::: SUPPLIED DATA
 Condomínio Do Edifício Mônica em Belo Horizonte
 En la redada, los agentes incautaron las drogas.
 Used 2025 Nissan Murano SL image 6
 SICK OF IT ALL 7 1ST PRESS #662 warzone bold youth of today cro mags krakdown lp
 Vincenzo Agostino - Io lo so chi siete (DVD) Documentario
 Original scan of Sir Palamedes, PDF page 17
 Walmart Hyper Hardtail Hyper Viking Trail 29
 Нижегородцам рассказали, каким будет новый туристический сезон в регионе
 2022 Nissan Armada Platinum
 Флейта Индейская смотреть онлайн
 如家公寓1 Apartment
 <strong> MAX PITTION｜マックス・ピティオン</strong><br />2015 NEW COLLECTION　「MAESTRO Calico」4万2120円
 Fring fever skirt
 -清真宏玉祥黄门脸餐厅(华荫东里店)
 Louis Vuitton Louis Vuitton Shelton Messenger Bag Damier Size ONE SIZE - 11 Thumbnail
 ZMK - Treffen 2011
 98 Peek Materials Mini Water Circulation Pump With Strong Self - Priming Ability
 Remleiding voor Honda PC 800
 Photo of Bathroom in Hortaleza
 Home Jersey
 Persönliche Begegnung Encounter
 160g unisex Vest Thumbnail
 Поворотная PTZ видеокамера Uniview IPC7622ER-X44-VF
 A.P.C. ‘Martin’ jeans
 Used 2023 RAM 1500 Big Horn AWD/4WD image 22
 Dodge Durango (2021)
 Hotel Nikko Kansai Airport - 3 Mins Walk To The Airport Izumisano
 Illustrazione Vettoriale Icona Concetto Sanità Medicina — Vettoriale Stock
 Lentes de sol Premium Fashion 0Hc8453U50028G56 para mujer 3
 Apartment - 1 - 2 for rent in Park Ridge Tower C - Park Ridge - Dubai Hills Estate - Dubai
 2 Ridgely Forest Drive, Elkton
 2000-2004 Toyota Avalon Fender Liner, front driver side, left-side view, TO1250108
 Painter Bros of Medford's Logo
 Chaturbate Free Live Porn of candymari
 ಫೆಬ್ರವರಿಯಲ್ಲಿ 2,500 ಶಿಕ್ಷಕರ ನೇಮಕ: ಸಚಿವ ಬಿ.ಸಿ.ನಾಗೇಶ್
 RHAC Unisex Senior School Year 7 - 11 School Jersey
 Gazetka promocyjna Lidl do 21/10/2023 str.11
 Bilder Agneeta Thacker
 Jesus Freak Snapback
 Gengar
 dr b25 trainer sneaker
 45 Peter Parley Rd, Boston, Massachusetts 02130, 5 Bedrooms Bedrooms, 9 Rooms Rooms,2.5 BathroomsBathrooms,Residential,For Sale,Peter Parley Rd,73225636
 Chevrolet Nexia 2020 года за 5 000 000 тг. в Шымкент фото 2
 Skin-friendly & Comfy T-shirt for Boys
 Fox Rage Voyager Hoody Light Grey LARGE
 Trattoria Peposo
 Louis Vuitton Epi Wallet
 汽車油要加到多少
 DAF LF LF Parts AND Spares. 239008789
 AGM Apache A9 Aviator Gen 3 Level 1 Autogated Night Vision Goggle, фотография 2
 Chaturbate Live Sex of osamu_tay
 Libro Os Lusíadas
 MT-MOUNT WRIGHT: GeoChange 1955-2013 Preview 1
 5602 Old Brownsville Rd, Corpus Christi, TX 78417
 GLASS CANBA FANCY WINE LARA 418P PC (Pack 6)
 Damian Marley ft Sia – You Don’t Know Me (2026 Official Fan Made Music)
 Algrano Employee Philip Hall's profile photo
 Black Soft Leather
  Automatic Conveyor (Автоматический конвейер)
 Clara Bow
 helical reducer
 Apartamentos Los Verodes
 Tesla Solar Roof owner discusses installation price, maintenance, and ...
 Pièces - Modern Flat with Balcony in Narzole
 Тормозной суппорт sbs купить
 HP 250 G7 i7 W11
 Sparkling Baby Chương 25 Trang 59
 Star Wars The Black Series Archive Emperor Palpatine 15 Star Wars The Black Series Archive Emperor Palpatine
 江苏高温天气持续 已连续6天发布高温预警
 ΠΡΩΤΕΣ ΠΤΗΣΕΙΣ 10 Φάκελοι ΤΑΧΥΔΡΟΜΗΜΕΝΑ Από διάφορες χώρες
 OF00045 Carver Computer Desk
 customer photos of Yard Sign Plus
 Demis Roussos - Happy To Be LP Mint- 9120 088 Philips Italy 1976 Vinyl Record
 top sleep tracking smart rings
::::::
#### EXERCISE DESCRIPTION:
Above this task is a listing. Restate, word for word and with nothing added, the lines from the one with "160g unisex Vest Thumbnail" through the one with "Star Wars The Black Series Archive Emperor Palpatine 15".

#### PROBLEM SOLUTION:
 160g unisex Vest Thumbnail
 Поворотная PTZ видеокамера Uniview IPC7622ER-X44-VF
 A.P.C. ‘Martin’ jeans
 Used 2023 RAM 1500 Big Horn AWD/4WD image 22
 Dodge Durango (2021)
 Hotel Nikko Kansai Airport - 3 Mins Walk To The Airport Izumisano
 Illustrazione Vettoriale Icona Concetto Sanità Medicina — Vettoriale Stock
 Lentes de sol Premium Fashion 0Hc8453U50028G56 para mujer 3
 Apartment - 1 - 2 for rent in Park Ridge Tower C - Park Ridge - Dubai Hills Estate - Dubai
 2 Ridgely Forest Drive, Elkton
 2000-2004 Toyota Avalon Fender Liner, front driver side, left-side view, TO1250108
 Painter Bros of Medford's Logo
 Chaturbate Free Live Porn of candymari
 ಫೆಬ್ರವರಿಯಲ್ಲಿ 2,500 ಶಿಕ್ಷಕರ ನೇಮಕ: ಸಚಿವ ಬಿ.ಸಿ.ನಾಗೇಶ್
 RHAC Unisex Senior School Year 7 - 11 School Jersey
 Gazetka promocyjna Lidl do 21/10/2023 str.11
 Bilder Agneeta Thacker
 Jesus Freak Snapback
 Gengar
 dr b25 trainer sneaker
 45 Peter Parley Rd, Boston, Massachusetts 02130, 5 Bedrooms Bedrooms, 9 Rooms Rooms,2.5 BathroomsBathrooms,Residential,For Sale,Peter Parley Rd,73225636
 Chevrolet Nexia 2020 года за 5 000 000 тг. в Шымкент фото 2
 Skin-friendly & Comfy T-shirt for Boys
 Fox Rage Voyager Hoody Light Grey LARGE
 Trattoria Peposo
 Louis Vuitton Epi Wallet
 汽車油要加到多少
 DAF LF LF Parts AND Spares. 239008789
 AGM Apache A9 Aviator Gen 3 Level 1 Autogated Night Vision Goggle, фотография 2
 Chaturbate Live Sex of osamu_tay
 Libro Os Lusíadas
 MT-MOUNT WRIGHT: GeoChange 1955-2013 Preview 1
 5602 Old Brownsville Rd, Corpus Christi, TX 78417
 GLASS CANBA FANCY WINE LARA 418P PC (Pack 6)
 Damian Marley ft Sia – You Don’t Know Me (2026 Official Fan Made Music)
 Algrano Employee Philip Hall's profile photo
 Black Soft Leather
  Automatic Conveyor (Автоматический конвейер)
 Clara Bow
 helical reducer
 Apartamentos Los Verodes
 Tesla Solar Roof owner discusses installation price, maintenance, and ...
 Pièces - Modern Flat with Balcony in Narzole
 Тормозной суппорт sbs купить
 HP 250 G7 i7 W11
 Sparkling Baby Chương 25 Trang 59
 Star Wars The Black Series Archive Emperor Palpatine 15 Star Wars The Black Series Archive Emperor Palpatine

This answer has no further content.